**WORK ORDER**:
Find the line with "New York City" in the entries below. Repeat it, every following line, and the line with "Porte battante - MI0402I", exactly and with nothing added.

(DATA SHOWN Opens)

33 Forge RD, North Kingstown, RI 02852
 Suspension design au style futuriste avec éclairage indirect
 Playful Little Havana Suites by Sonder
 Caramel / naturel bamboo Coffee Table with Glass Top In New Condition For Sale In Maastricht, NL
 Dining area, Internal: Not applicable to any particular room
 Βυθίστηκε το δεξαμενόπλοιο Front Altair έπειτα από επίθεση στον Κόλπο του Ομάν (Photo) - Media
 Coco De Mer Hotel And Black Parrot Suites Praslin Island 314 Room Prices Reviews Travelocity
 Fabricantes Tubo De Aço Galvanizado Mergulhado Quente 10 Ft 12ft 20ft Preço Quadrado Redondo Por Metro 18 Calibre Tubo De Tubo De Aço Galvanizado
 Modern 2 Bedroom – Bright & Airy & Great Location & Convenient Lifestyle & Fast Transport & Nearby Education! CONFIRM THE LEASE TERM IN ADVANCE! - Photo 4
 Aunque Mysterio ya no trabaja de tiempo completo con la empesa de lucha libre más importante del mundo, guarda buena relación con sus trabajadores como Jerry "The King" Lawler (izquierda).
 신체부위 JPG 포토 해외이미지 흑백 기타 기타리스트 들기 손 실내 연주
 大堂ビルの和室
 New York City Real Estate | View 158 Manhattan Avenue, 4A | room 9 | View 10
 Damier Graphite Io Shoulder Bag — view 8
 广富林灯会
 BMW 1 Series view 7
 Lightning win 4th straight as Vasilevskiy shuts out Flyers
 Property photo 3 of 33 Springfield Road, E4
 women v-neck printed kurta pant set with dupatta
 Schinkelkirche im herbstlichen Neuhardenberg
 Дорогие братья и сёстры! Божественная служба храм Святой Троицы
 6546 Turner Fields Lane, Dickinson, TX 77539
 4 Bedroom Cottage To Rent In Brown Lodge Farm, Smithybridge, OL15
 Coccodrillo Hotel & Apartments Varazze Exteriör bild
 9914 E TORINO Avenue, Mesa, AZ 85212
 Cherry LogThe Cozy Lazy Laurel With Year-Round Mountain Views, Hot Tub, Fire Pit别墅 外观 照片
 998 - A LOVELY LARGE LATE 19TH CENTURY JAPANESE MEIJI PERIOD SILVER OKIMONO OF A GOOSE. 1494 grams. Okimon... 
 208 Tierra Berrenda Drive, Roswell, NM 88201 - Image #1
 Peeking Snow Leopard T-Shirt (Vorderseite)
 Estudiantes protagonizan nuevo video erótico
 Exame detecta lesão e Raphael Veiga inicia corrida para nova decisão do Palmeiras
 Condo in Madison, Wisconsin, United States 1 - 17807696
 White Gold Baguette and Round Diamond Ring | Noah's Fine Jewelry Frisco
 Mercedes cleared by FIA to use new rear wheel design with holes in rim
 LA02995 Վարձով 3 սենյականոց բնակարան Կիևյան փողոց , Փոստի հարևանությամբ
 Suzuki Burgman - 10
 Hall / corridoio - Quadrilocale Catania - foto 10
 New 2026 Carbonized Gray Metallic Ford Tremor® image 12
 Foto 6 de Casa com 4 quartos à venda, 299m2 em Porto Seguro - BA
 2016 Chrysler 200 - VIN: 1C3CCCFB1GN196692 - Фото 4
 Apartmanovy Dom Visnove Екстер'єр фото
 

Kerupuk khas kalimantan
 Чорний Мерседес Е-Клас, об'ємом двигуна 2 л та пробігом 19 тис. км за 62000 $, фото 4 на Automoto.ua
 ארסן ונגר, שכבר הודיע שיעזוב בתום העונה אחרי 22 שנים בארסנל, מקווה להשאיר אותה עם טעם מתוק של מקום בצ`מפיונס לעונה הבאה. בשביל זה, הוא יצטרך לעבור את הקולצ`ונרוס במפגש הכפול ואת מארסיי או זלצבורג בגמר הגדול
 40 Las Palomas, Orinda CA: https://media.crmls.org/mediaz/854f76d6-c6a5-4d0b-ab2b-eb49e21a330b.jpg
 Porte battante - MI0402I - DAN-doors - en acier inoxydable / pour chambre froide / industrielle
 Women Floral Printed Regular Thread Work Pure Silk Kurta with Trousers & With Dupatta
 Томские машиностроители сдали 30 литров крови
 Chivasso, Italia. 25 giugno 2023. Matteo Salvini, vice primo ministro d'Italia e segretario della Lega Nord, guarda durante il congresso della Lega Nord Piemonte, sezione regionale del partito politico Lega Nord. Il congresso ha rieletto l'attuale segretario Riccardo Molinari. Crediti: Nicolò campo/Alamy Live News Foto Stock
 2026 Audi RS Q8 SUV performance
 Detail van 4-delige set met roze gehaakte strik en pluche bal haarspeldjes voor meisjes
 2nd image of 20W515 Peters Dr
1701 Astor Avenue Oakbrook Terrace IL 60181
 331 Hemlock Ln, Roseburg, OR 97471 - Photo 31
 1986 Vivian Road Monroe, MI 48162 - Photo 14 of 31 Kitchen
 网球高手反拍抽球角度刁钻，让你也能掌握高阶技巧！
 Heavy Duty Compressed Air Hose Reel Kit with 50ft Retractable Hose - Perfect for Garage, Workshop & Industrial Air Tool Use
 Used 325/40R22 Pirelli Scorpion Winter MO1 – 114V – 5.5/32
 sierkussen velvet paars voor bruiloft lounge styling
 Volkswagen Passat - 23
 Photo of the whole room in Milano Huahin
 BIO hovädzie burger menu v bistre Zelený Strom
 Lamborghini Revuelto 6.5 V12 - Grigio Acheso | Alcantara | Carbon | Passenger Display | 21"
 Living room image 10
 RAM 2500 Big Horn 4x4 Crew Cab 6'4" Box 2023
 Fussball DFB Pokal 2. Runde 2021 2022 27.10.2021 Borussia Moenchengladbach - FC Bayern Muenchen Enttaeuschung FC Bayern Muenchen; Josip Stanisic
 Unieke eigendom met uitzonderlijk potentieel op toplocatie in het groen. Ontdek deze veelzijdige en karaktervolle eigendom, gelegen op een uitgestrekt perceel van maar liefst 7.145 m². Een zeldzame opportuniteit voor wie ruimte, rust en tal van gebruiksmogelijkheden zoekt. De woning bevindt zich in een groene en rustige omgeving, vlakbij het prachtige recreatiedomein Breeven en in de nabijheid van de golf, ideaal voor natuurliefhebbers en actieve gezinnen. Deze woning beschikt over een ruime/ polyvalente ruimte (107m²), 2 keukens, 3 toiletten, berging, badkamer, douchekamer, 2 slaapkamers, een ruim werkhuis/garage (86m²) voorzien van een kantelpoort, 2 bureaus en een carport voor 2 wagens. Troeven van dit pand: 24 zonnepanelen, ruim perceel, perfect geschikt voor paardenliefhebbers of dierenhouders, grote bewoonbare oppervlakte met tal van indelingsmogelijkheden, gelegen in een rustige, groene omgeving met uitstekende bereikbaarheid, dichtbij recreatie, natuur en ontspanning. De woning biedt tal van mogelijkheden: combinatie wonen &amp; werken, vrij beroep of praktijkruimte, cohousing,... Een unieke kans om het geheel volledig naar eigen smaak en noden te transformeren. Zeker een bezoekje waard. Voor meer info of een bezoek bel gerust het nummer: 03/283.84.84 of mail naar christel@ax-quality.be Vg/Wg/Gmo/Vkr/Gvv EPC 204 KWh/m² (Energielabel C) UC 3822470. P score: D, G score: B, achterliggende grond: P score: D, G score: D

(DATA SHOWN Closes)

**ANSWER SPACE**:
 New York City Real Estate | View 158 Manhattan Avenue, 4A | room 9 | View 10
 Damier Graphite Io Shoulder Bag — view 8
 广富林灯会
 BMW 1 Series view 7
 Lightning win 4th straight as Vasilevskiy shuts out Flyers
 Property photo 3 of 33 Springfield Road, E4
 women v-neck printed kurta pant set with dupatta
 Schinkelkirche im herbstlichen Neuhardenberg
 Дорогие братья и сёстры! Божественная служба храм Святой Троицы
 6546 Turner Fields Lane, Dickinson, TX 77539
 4 Bedroom Cottage To Rent In Brown Lodge Farm, Smithybridge, OL15
 Coccodrillo Hotel & Apartments Varazze Exteriör bild
 9914 E TORINO Avenue, Mesa, AZ 85212
 Cherry LogThe Cozy Lazy Laurel With Year-Round Mountain Views, Hot Tub, Fire Pit别墅 外观 照片
 998 - A LOVELY LARGE LATE 19TH CENTURY JAPANESE MEIJI PERIOD SILVER OKIMONO OF A GOOSE. 1494 grams. Okimon... 
 208 Tierra Berrenda Drive, Roswell, NM 88201 - Image #1
 Peeking Snow Leopard T-Shirt (Vorderseite)
 Estudiantes protagonizan nuevo video erótico
 Exame detecta lesão e Raphael Veiga inicia corrida para nova decisão do Palmeiras
 Condo in Madison, Wisconsin, United States 1 - 17807696
 White Gold Baguette and Round Diamond Ring | Noah's Fine Jewelry Frisco
 Mercedes cleared by FIA to use new rear wheel design with holes in rim
 LA02995 Վարձով 3 սենյականոց բնակարան Կիևյան փողոց , Փոստի հարևանությամբ
 Suzuki Burgman - 10
 Hall / corridoio - Quadrilocale Catania - foto 10
 New 2026 Carbonized Gray Metallic Ford Tremor® image 12
 Foto 6 de Casa com 4 quartos à venda, 299m2 em Porto Seguro - BA
 2016 Chrysler 200 - VIN: 1C3CCCFB1GN196692 - Фото 4
 Apartmanovy Dom Visnove Екстер'єр фото
 

Kerupuk khas kalimantan
 Чорний Мерседес Е-Клас, об'ємом двигуна 2 л та пробігом 19 тис. км за 62000 $, фото 4 на Automoto.ua
 ארסן ונגר, שכבר הודיע שיעזוב בתום העונה אחרי 22 שנים בארסנל, מקווה להשאיר אותה עם טעם מתוק של מקום בצ`מפיונס לעונה הבאה. בשביל זה, הוא יצטרך לעבור את הקולצ`ונרוס במפגש הכפול ואת מארסיי או זלצבורג בגמר הגדול
 40 Las Palomas, Orinda CA: https://media.crmls.org/mediaz/854f76d6-c6a5-4d0b-ab2b-eb49e21a330b.jpg
 Porte battante - MI0402I - DAN-doors - en acier inoxydable / pour chambre froide / industrielle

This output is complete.